New research from Boston Medical Center finds that the COVID-19 emergency systemic changes made to decrease in-person visits during the pandemic have led to a decrease in hospital-wide Hepatitis C (HCV) testing by 50 percent, and a reduction in new HCV diagnoses by more than 60 percent. Published in the Journal of Primary Care and Community Health, this new research highlights the impact that the COVID-19 pandemic is having on hospital-wide and ambulatory HCV testing, and the ramifications of this decrease in identification of the virus.
The study findings demonstrate a greater impact in primary care clinics where there was a 72 percent decrease in testing and 63 percent decrease in new diagnoses. This is where telemedicine was incorporated into the clinical workflows, showing standard preventive care, including HCV testing, was not routinely performed throughout the pandemic, and telemedicine acting as a barrier to HCV care. The findings that testing for and diagnoses of HCV were decreased during the COVID-19 surge is alarming, due to the effect that undetected disease can have on those who are unknowingly infected. From the public health perspective, HCV is a transmissible infection that can propagate throughout a population if not detected and treated.
“The large decrease in HCV screening demonstrates the tradeoffs that occurred between maintaining safety and delivering preventive care services as a result of the health system responses during this pandemic,” says Heather Sperring, MS, a data quality specialist in the Center for Infectious Diseases and Public Health Programs at Boston Medical Center and corresponding author on this study. “Nontraditional methods of preventive healthcare delivery need to be used in order to prevent the detrimental long-term effects of these gaps in patient care. This includes proactive efforts aimed at increasing preventive care and screening, and interventions that reduce health risks, decrease avoidable emergency room visits, and minimize the time necessary for patients to be in the hospital.”
The data for this analysis was collected prospectively from December 1, 2019 to June 30, 2020. Using descriptive statistics, the analysis was completed by comparing unique patient tests for 3.5-month periods before and after March 16, 2020, analyzing total tests and total new HCV RNA positive results before and after, and mean daily tests. Effective March 16, 2020, BMC implemented the utilization of telemedicine for outpatient clinics wherever possible; preventive care, including phlebotomy for HCV screening, was not performed during this time. HCV test results for patients were collected each day and comparisons were made for all testing across the hospital, as well as exclusively for the primary care sites that have been the most heavily affected by the introduction of telemedicine. Since 2016, BMC has been utilizing an HCV screening program to better identify and treat patients with HCV.

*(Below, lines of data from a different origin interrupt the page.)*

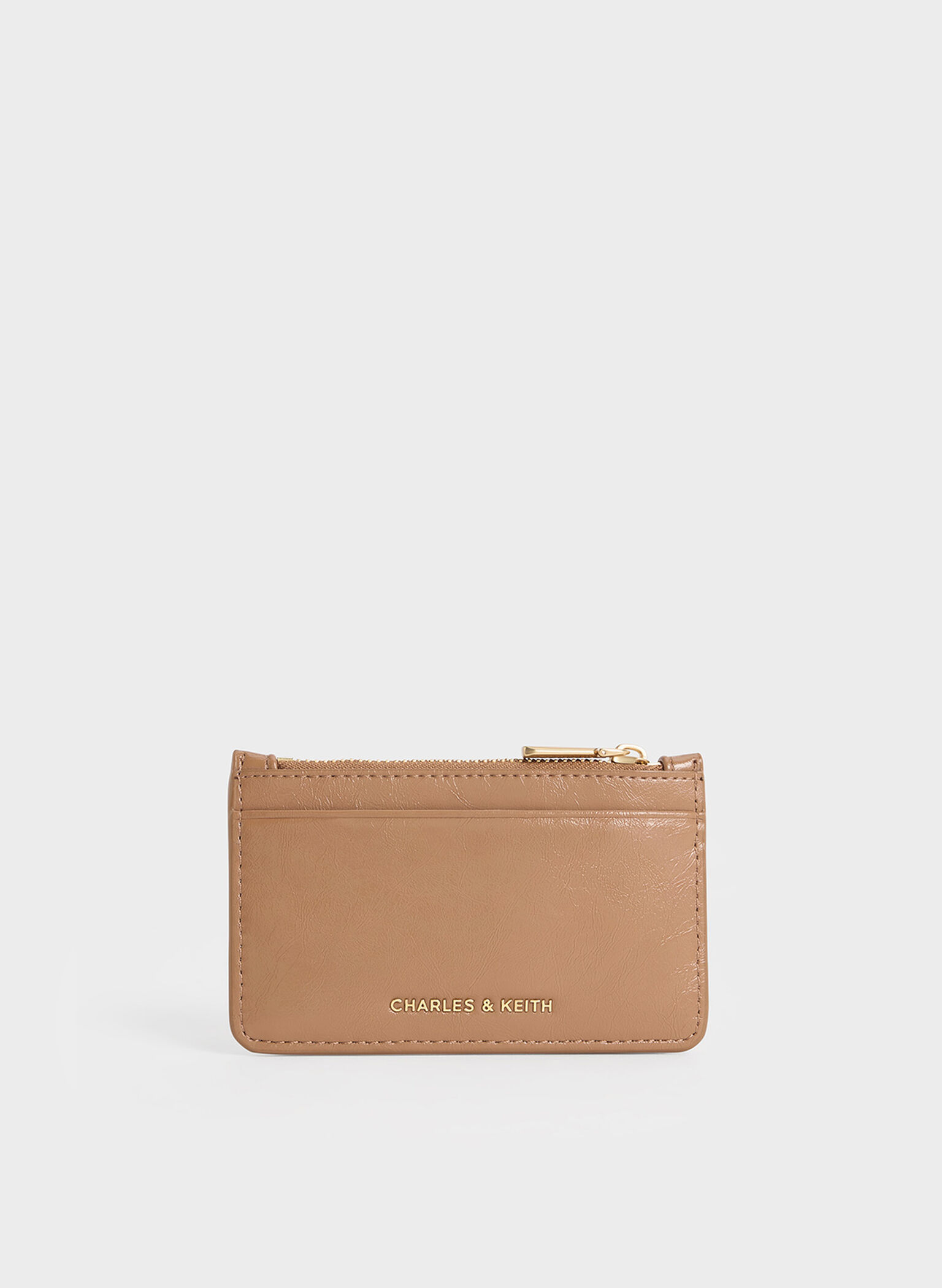 Donna Crinkle-Effect Panelled Card Holder, Tan, hi-res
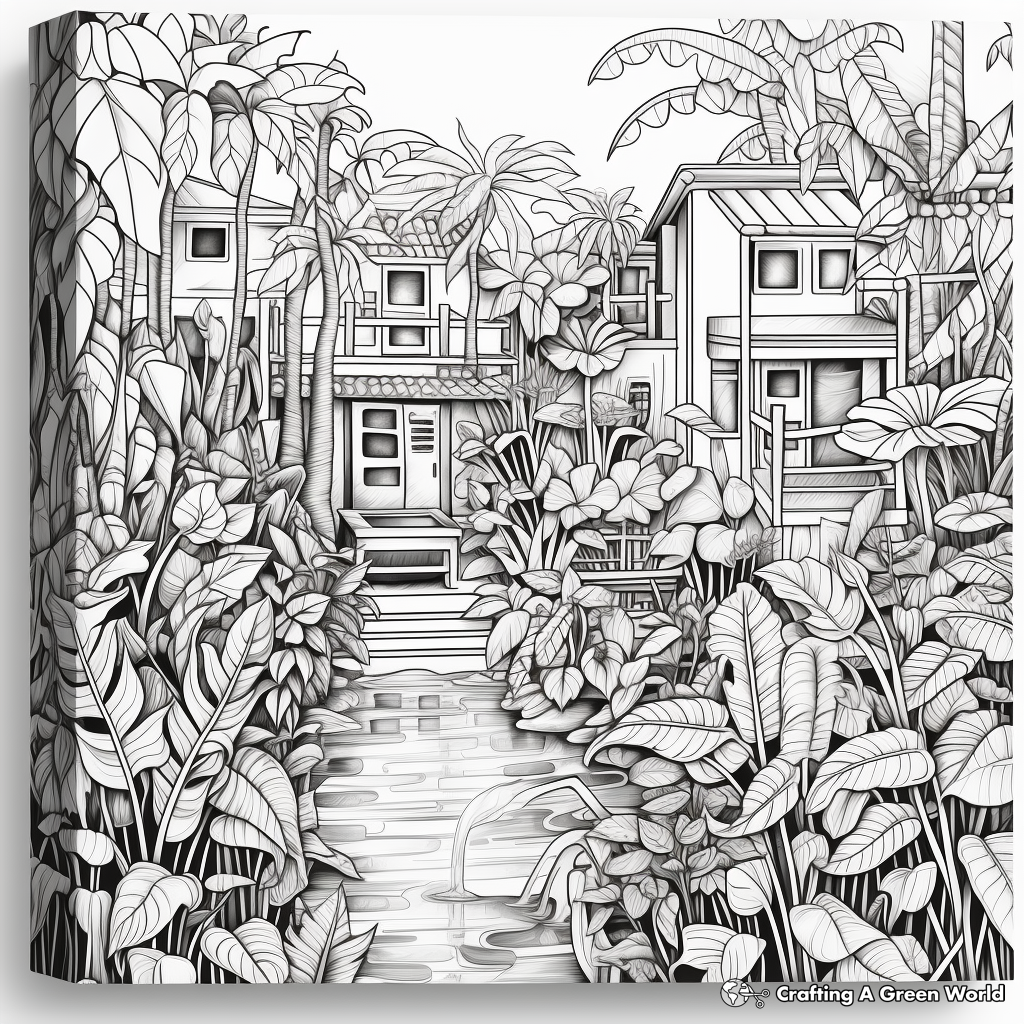 Amazing Tropical Garden Coloring Pages for Adults 3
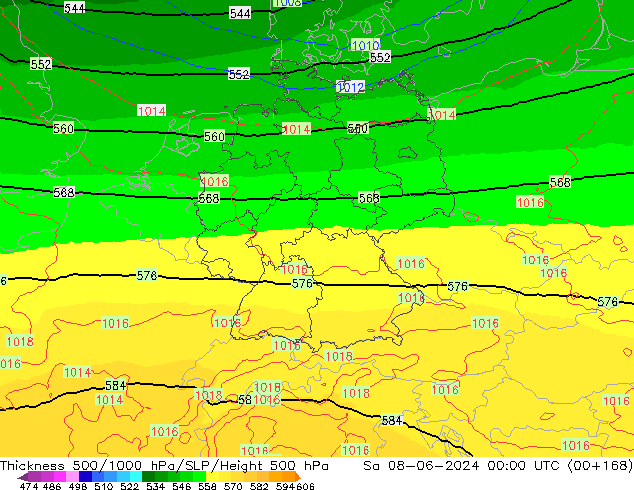 Dikte 500-1000hPa UK-Global za 08.06.2024 00 UTC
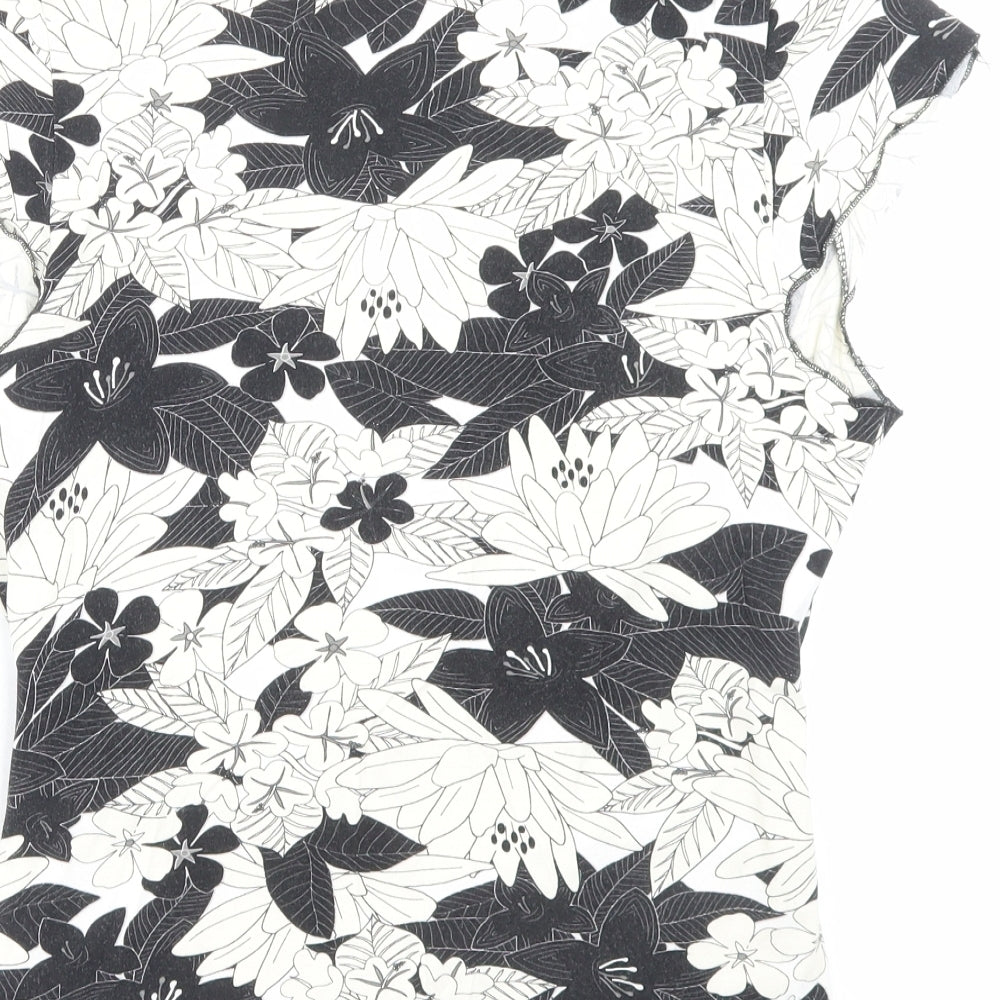 Wallis Womens Ivory Floral Viscose Basic T-Shirt Size 16 V-Neck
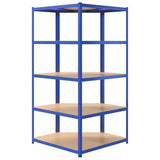 5-Layer Corner Shelf Blue Steel&Engineered Wood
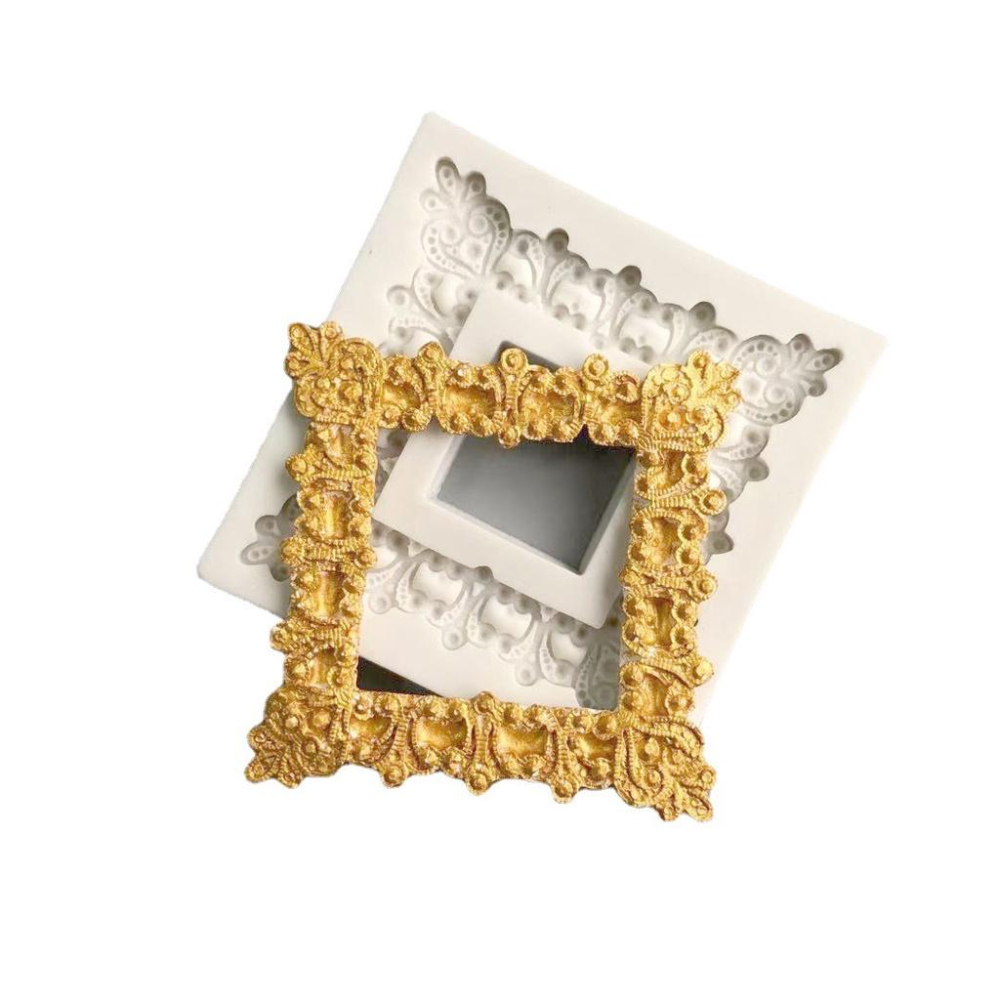 臺灣出貨 現貨 歐思麥烘焙 方形 橢圓形復古相框矽膠模具 翻糖軟陶黏土石膏擺件造型工具（中）-細節圖2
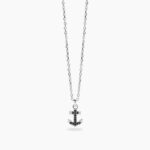 Collana in Argento Ancora in Zirconi Neri Uomo Mabina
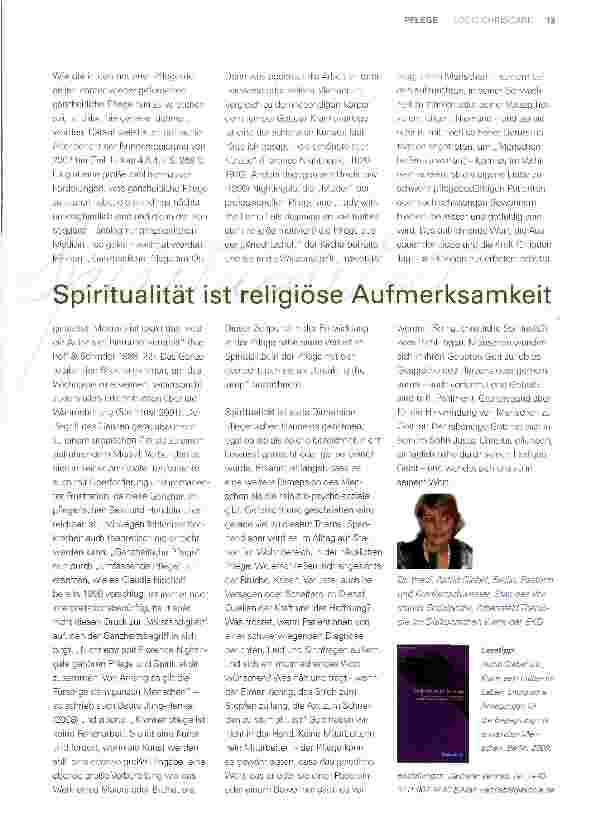 Vorschauseite 2: Spiritualität in der Pflege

“The healthcare impacts of COVID-19 are more widespread than the effects of the disease itself. The pandemic has had substantial implications for our patients, and not just those who contracted COVID-19,” says Elissa Schechter-Perkins, MD, MPH, an emergency medicine physician at Boston Medical Center, an associate professor of emergency medicine at Boston University School of Medicine and co-author on this study. “Hepatitis C virus is likely just one example of many chronic diseases whose cascade of care was affected by COVID-19.”